[ Not relevant upstream, therefore no upstream commit. ]
To fix, use jiffies64_to_nsecs() directly instead of deriving the result
according to jiffies_to_usecs().
As the return type of jiffies_to_usecs() is 'unsigned int', when the return
value is more than the size of 'unsigned int', the leading 32 bits would be
discarded.
Suppose USEC_PER_SEC=1000000L and HZ=1000, below are the expected and
actual incorrect result of jiffies_to_usecs(0x7770ef70):
- expected : jiffies_to_usecs(0x7770ef70) = 0x000001d291274d80
- incorrect : jiffies_to_usecs(0x7770ef70) = 0x0000000091274d80
The leading 0x000001d200000000 is discarded.
After xen vcpu hotplug and when the new vcpu steal clock is calculated for
the first time, the result of this_rq()->prev_steal_time in
steal_account_process_tick() would be far smaller than the expected
value, due to that jiffies_to_usecs() discards the leading 32 bits.
As a result, the diff between current steal and this_rq()->prev_steal_time
is always very large. Steal usage would become 100% when the initial steal
clock obtained from xen hypervisor is very large during xen vcpu hotplug,
that is, when the guest is already up for a long time.

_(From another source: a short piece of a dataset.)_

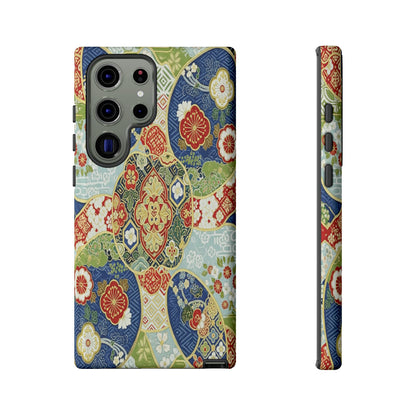 Vintage Japanese Kimono Floral Phone Case - Traditional Woven Pattern Tough Cover for iPhone 17, Samsung Galaxy & Google Pixel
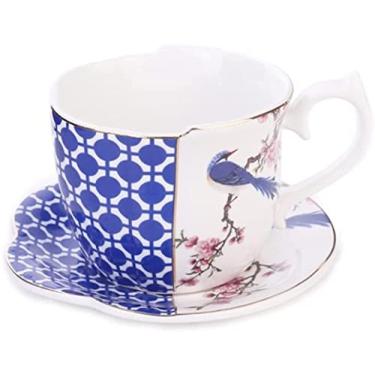 Imagem de Conjunto de xícara de café e pires de pássaro de porcelana, 191.6 g/200 ml, copo de café com leite, xícara de café expresso com alça, copo de bebida (azul)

The bug can be detected by doing the following:
* Boot xen guest with vcpus=2 and maxvcpus=4
* Leave the guest running for a month so that the initial steal clock for
the new vcpu would be very large
* Hotplug 2 extra vcpus
* The steal time of new vcpus in /proc/stat would increase abnormally and
sometimes steal usage in top can become 100%
This was incidentally fixed in the patch set starting by
commit
93825f2ec736 ("jiffies: Reuse TICK_NSEC instead of NSEC_PER_JIFFY")
and ended with
commit
b672592f0221 ("sched/cputime: Remove generic asm headers").
Orabug:
28806208
Link: https://lkml.org/lkml/2019/2/28/1373
Suggested-by: Juergen Gross <jgross@suse.com>
Signed-off-by: Dongli Zhang <dongli.zhang@oracle.com>
Reviewed-by: Joe Jin <joe.jin@oracle.com>
Signed-off-by: Brian Maly <brian.maly@oracle.com>